Le 18 novembre 2020, M. [O] se voit notifier une décision de refus d`enregistrement prise par le directeur de greffe du tribunal judiciaire de Bourg en Bresse au motif d'un acte de naissance «non probant» au regard de l`article 47 du code civil en raison de mentions contradictoires entre le jugement supplétif de naissance et son extrait d`acte de naissance, sans autres précisions.
Le 23 décembre 2020, M. [O] dépose une demande d`aide juridictionnelle, soit dans le délai de recours contentieux. Par décision du 04 février 2021, le bureau compétent admet l'exposant au bénéfice de l`aide juridictionnelle totale.
Par exploit d`huissier en date du 19 juillet 2021, M. [O] fait assigner le procureur de la République devant le tribunal judiciaire de Lyon aux fins de contester le refus d'enregistrement et faire juger qu'il est de nationalité française.

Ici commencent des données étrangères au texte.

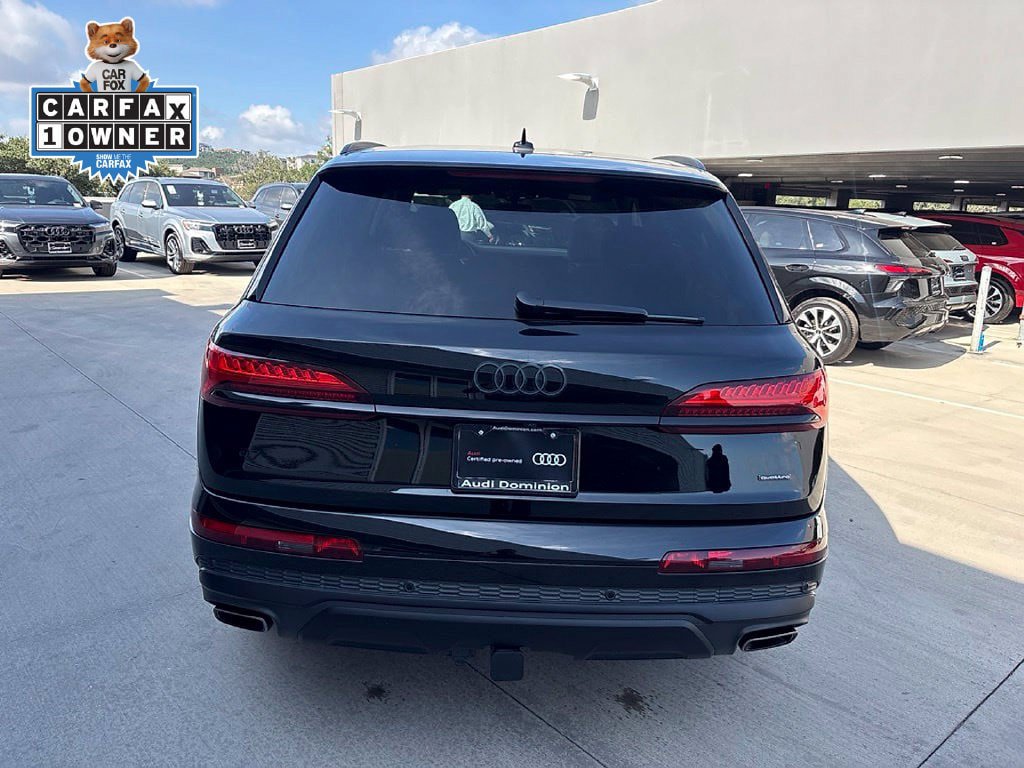 Used 2026 Audi Q7 3.0T Premium w/ Convenience Plus Package AWD/4WD image 6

Par jugement du 15 novembre 2023, le tribunal rejette sa demande, jugeant que les actes d'état civil de M. [O] étaient parfaitement probants mais qu'il ne justifiait pas avoir été recueilli durant au moins trois années par les services de l'aide sociale à l'enfance.
Par déclaration du 21 novembre 2023, M. [O] relève appel de cette décision devant la cour d'appel de Lyon sollicitant la réformation du jugement déféré.
MOYENS ET PRÉTENTIONS DES PARTIES
Aux termes de ses conclusions, notifiées le 16 février 2024, M. [O] demande à la cour d'infirmer la décision déférée, d'ordonner l'enregistrement de la déclaration de nationalité française qu'il a souscrite, de dire qu'il est de nationalité française, d'ordonner les mentions prévues à l'article 28 du code civil, de mettre à la charge du ministère public la somme de1500 euros au titre de l'article 700 du code de procédure civile et de mettre les entiers dépens de 1ère instance à la charge de M. [O].
A l'appui de son recours, il fait valoir qu'il remplit les conditions de l'article 21-12 du code civil, que ses actes de l'état civil bénéficient de la présomption d'authenticité prévue par l'article 47 du code civil et que l'administration ne la combat pas utilement.
Sur la légalisation, il précise avoir agi conformément aux dispositions en vigueur et établir par les pièces produites que les conditions d'accueil par l'ASE sont remplies.
En réponse, le ministère public conclut, aux termes de ses écritures notifiées le 23 avril 2024, à la confirmation du jugement déféré, demande à la cour de constater que le récépissé prévu par l'article 1040 du code de procédure civile a été délivré, que la procédure est régulière, de juger que M. [O] n'est pas de nationalité française, de rejeter le surplus de ses demandes, d'ordonner la mention prévue par l'article 28 du code civil, de le condamner aux entiers dépens.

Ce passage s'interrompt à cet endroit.